Ağaca taş atıp, ağaç taşımı yedi, taşımı geri isterim diye ağlayan bir çocuk da oluruz bu şiirlerde; belki yalnızlıktan, belki de bir varoluş sancısından, kendimize bile yabancılaştığımız bir anda, seni hatırladım sol elim, diyerek, sol eline acıyan bir garip karaktere de dönüşebiliriz ansızın:
“Sol elim,
Acemi elim,
Zavallı elim!”
Gölgesinden sıkılıp biraz da ayrı yaşayalım diyen, gözlerim nerede diye gözlerini arayan, ve madem ki sokaklar kimsenin değil, diyen bir karakter hepimizin içinde yok mudur acaba?

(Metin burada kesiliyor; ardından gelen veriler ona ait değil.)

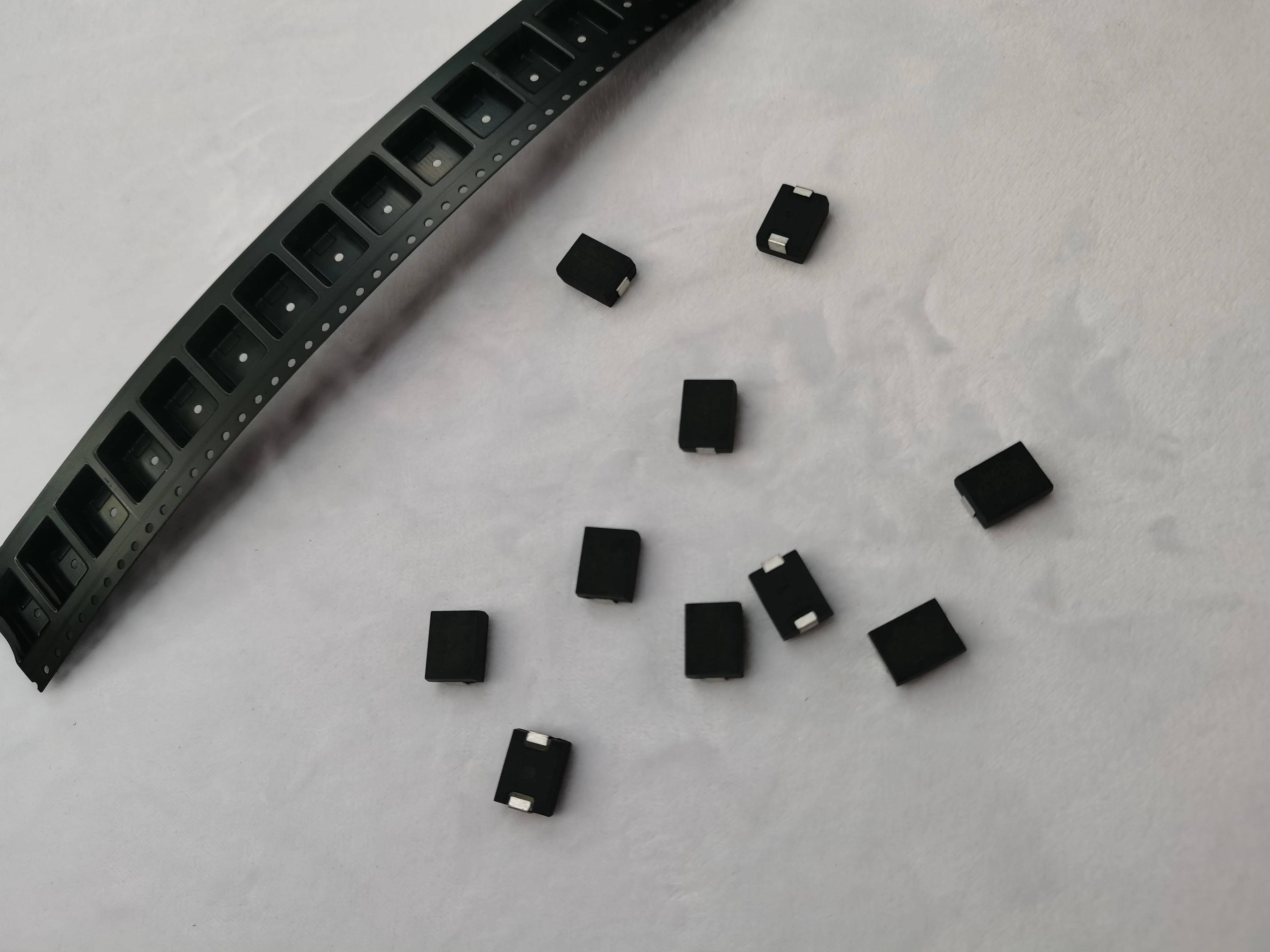 SMD Варистор 4032k561 чип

Kimi insana, bu adam delirmiş mi, dedirten satırlar yazmıştı Orhan Veli. İnsan davranışının en şaşırtıcı halleri, en uç yelpazesine kadar açılır bu şiirlerde, insan ruhu en çıplak haliyle sergilenir. Anonim, isimsiz bir havada yazması, insanlığın ortak bilinçaltına bu yaklaşmasındandır belki de.
“Garip” kitabına 1941’de ve 1945’de yazdığı iki önsözde, bunu anlatıyor ve yarattığı şiir devrimini gayet öz bir şekilde açıklıyor Orhan Veli.
Sosyal ve kültürel boyutta ne kadar kitlesel, anlaşılır, demokratik bir sanat peşindeyse, bireysel boyutta da büyük derinlik, ama bir o kadar da yalınlık, sadelik istiyor. Bilinçaltı denilen kuyuyu, büyük bir ustalıkla ve bilinçle kazabilen kişidir onun gözünde gerçek şair.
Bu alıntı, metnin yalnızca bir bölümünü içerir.